This program produces 3 plots: precision, recall, and fscore for the LOF algorithm. The X-axis represents the value k, which is the parameter for the number of nearest neighbors. The Y-axis represents the scores for the three metrics. 

In [1]:
from sklearn.datasets import fetch_kddcup99
kdd99_data = fetch_kddcup99(subset='http')
import numpy as np
X = kdd99_data['data']
y = kdd99_data['target']
y[y == b'normal.'] = 1
y[y != 1] = -1
y = np.int64(y)

In [2]:
from sklearn.neighbors import LocalOutlierFactor
from sklearn.metrics import recall_score
from sklearn.metrics import precision_score
from sklearn.metrics import f1_score


recall_scores = []
precision_scores = []
f1_scores = []

def calculations(n):
    #print('K value: ', n)
    lof = LocalOutlierFactor(n_neighbors = n)
    anomaly_predictions = lof.fit_predict(X)
    
  
    anomaly_predictions = np.array(anomaly_predictions)
    r = recall_score(y, anomaly_predictions, pos_label = -1)
    p = precision_score(y, anomaly_predictions, pos_label = -1)
    f = f1_score(y, anomaly_predictions, pos_label = -1)
    
   
    recall_scores.append(r)
    precision_scores.append(p)
    f1_scores.append(f)

In [None]:
ilist = []
i = 1
while i<5:
    calculations(i)
    ilist.append(i)
    i=i+1
    
i = 5
while i <= 160:
   calculations(i)
   ilist.append(i)
   i = i*2


In [None]:
#recall_score
print('Values of K: ', ilist)

In [None]:
print('Recall Scores: ', recall_scores)
print('\n\nPrecision Scores: ', precision_scores)
print('\n\nF1 Scores: ', f1_scores)

In [None]:
import matplotlib.pyplot as plt
plt.plot(ilist, recall_scores)
plt.xlabel('Number of Nearest Neighbors')
plt.ylabel('Recall Score')
plt.title('LOF Recall Plot')
plt.show()

In [None]:
import matplotlib.pyplot as plt
plt.plot(ilist, precision_scores)
plt.xlabel('Number of Nearest Neighbors')
plt.ylabel('Precision Score')
plt.title('LOF Precision Plot')
plt.show()

In [None]:
import matplotlib.pyplot as plt
plt.plot(ilist, f1_scores)
plt.xlabel('Number of Nearest Neighbors')
plt.ylabel('F1 Score')
plt.title('LOF F1 Plot')
plt.show()

By looking at all three graphs, it can be seen that the optimal value of K is about 40. Although increasing this parameter would result in more of the anomalies being detected, there would be a consequence of higher false alarm rates. The harmonic mean of precision and recall also seems to level out and decrease after 40. 

In [None]:
lof = LocalOutlierFactor(n_neighbors = 40)
anomaly_predictions = lof.fit_predict(X)
    
  
anomaly_predictions = np.array(anomaly_predictions)
r = recall_score(y, anomaly_predictions, pos_label = -1)
p = precision_score(y, anomaly_predictions, pos_label = -1)
f = f1_score(y, anomaly_predictions, pos_label = -1)
    
print('Value of K: 40', '\nRecall Score: ', r, '\nPrecision Score: ', p, '\nF1 Score: ', f )

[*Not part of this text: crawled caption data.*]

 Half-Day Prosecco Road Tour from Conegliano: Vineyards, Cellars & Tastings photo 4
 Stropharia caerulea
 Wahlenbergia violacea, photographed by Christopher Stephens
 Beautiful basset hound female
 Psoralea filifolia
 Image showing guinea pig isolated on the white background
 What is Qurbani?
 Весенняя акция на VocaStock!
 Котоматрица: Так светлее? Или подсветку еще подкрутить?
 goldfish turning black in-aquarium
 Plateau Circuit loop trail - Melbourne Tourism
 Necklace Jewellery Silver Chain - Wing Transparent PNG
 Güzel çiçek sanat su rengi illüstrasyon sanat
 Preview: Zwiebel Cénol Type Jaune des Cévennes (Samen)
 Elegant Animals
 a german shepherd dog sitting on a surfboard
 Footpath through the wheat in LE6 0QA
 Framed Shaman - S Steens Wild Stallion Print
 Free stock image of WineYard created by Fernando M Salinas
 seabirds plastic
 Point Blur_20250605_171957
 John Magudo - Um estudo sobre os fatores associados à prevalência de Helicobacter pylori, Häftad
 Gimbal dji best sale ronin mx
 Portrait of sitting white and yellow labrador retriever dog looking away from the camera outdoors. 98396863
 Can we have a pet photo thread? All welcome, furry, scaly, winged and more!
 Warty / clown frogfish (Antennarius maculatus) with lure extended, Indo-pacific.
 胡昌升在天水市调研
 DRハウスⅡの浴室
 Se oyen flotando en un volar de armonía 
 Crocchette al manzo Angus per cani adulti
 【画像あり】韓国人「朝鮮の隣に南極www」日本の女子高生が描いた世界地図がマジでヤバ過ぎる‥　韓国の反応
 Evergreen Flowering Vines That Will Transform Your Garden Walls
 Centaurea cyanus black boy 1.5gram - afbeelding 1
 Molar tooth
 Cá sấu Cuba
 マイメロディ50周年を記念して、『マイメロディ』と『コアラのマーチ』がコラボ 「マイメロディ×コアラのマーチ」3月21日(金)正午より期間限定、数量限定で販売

Even by optimizing the value of K, the calculations show that LOF is not an effective algorithm to use on this dataset (or at least the http subset) because only 4.8% of the anomalies were located. Additionally, only 12.4% of the anomalies were correctly identified. Thus, the accuracy is exceptionally low at about 7%.